The question for his re-election campaign next year is: Will it matter?
It was a Democratic strategist, James Carville, who coined the phrase "It's the economy, stupid" as his candidate, Bill Clinton, took down George H.W. Bush less than two years after Bush led an international coalition against Saddam Hussein.
Today, Democrats freely acknowledge Obama's circumstances are similar. "He's done better in counterterrorism than he has in economics," says former congresswoman Jane Harman, director of the Woodrow Wilson International Center for Scholars.
The economy is dominating the fledgling 2012 presidential race, and Obama is suffering as a result. His job approval rating was 42% in the most recent USA TODAY/Gallup Poll, and it was 39% in today's Gallup tracking poll.
Voters give him his highest grades on combating terrorism — by a 63%-33% margin in a USA TODAY/Gallup Poll in May, after the killing of Osama bin Laden. The results were almost the opposite on the economy: 37% approved, 60% disapproved.
Bin Laden's death briefly boosted the president's overall ratings above 50% in Gallup's polling. That was the highest he had risen since November 2009. But it didn't last long.
No one expects the killing of Anwar al-Awlaki to have even that brief effect. Few Americans had heard of the American-born terrorist, whose teachings influenced U.S. Maj. Nidal Malik Hasan, who killed 13 people at Fort Hood, Texas, in 2009, and Nigerian underwear bomber Umar Farouk Abdulmutallab, who attempted to blow up a plane over Detroit later that year.
The killings even could hurt Obama's re-election if they make Americans feel safer: They could make terrorism less of a concern compared with the economy.
Still, several lawmakers and experts interviewed Friday said the record Obama is building on national security should help him with the two words Americans want most from their president: strong leader.
"People want their president to lead, no matter where they are philosophically," says Rep. C.A. "Dutch" Ruppersberger, D-Md., top Democrat on the House Intelligence Committee. "If you look at his policies, whether you're Republican or Democrat, he's done well in this area.
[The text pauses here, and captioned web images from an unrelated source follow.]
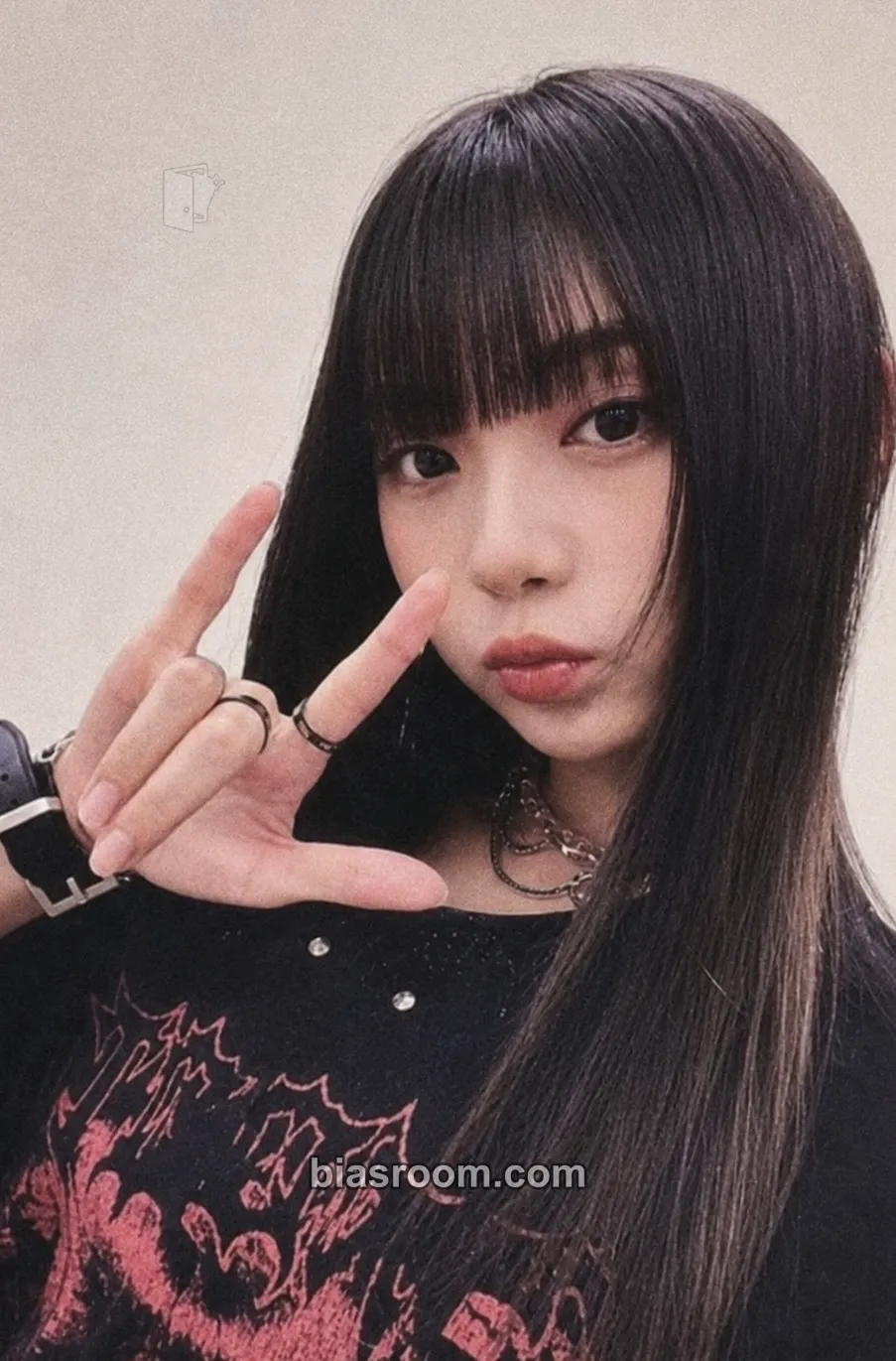 Hyeonju CURIOUS Photocard - UNIS - UNIS K-pop photocard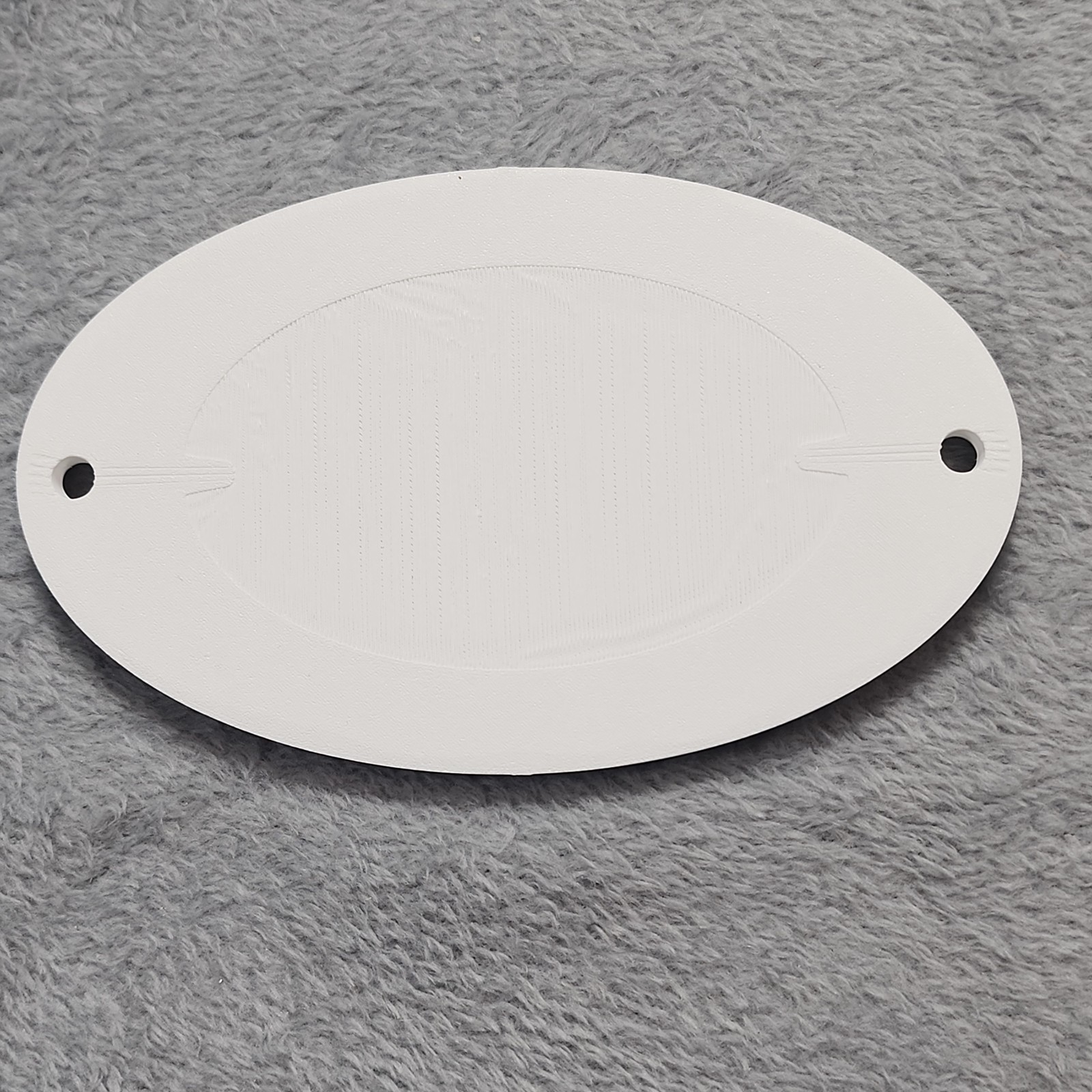 Please Close The Gate Oval Sign Black & White Thick PLA Plaque gallery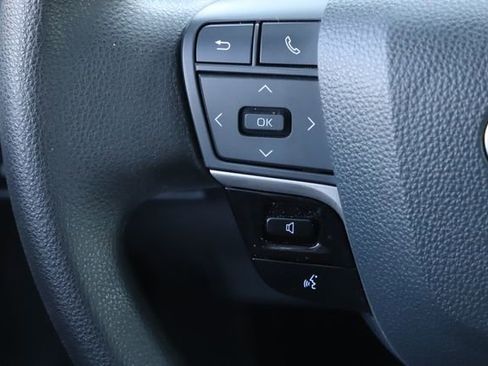 Used 2025 Toyota Camry LE FWD image 22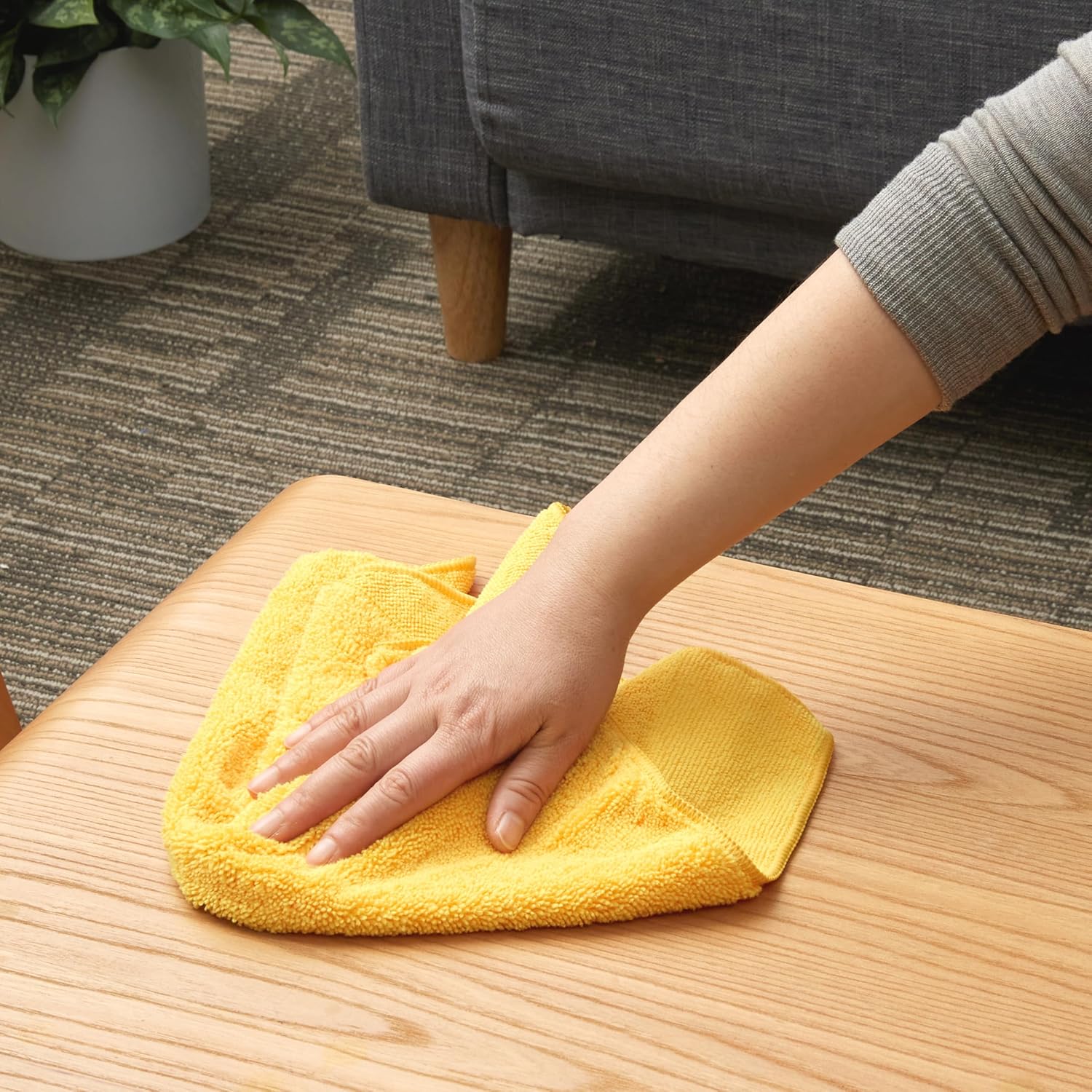 Amazon Basics Microfiber Car Drying Towels, Highly Absorbent, Lint Free, Scratch Free, Ultra-Soft, Car Detailing, Buffing and Polishing, 16" x 16", Yellow, 12-Pack - Image 7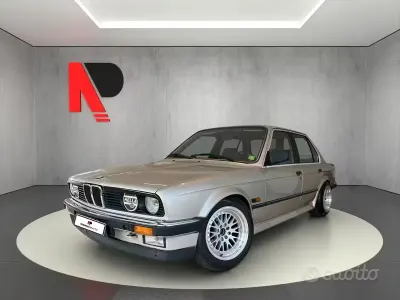 Usata BMW 318 105 CV (77 kW) 1987 Grigio Berlina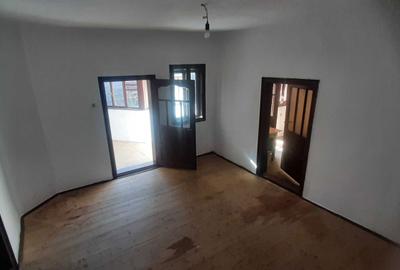 Casă cu 4 camere în Central - 4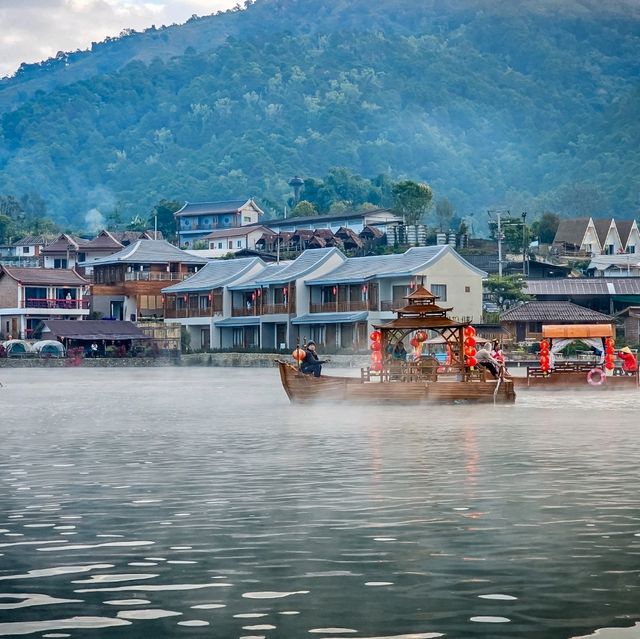 เขื่อนในหมอก ที่เที่ยวบ้านรักไทย แม่ฮ่องสอน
We're safer because of his decisions."
Former Democratic congressman Lee Hamilton, who chaired the House Foreign Affairs Committee, said Obama benefits from the improved ability of the U.S. defense and intelligence communities to identify, locate and eliminate terrorist leaders. "It will accrue to the president's benefit, because it does show progress," he said. "This happened on the president's watch, and he deserves credit for that."
Republicans such as House Intelligence Committee Chairman Peter King and former U.S. attorney general Richard Ashcroft credited the president for the latest killing, just as Republicans did after bin Laden's demise. "The president has done the right thing here," Ashcroft said on Fox News.
If nothing else, says Tufts University's Richard Eichenberg, an expert on public opinion and foreign policy, Obama's success removes a perennial Republican argument: that Democrats are weak on national security.
In fact, Eichenberg says, "it has the potential to highlight the lack of experience that the Republicans (running for president) have on national security issues."
Those candidates, in particular former Massachusetts governor Mitt Romney and Texas Gov. Rick Perry, do have experience on economic issues. When the discussion returns to the economy, Harman says, Obama should be able to argue that a safer country will help.
"More homeland attacks in America," she said, "will definitely be bad for business."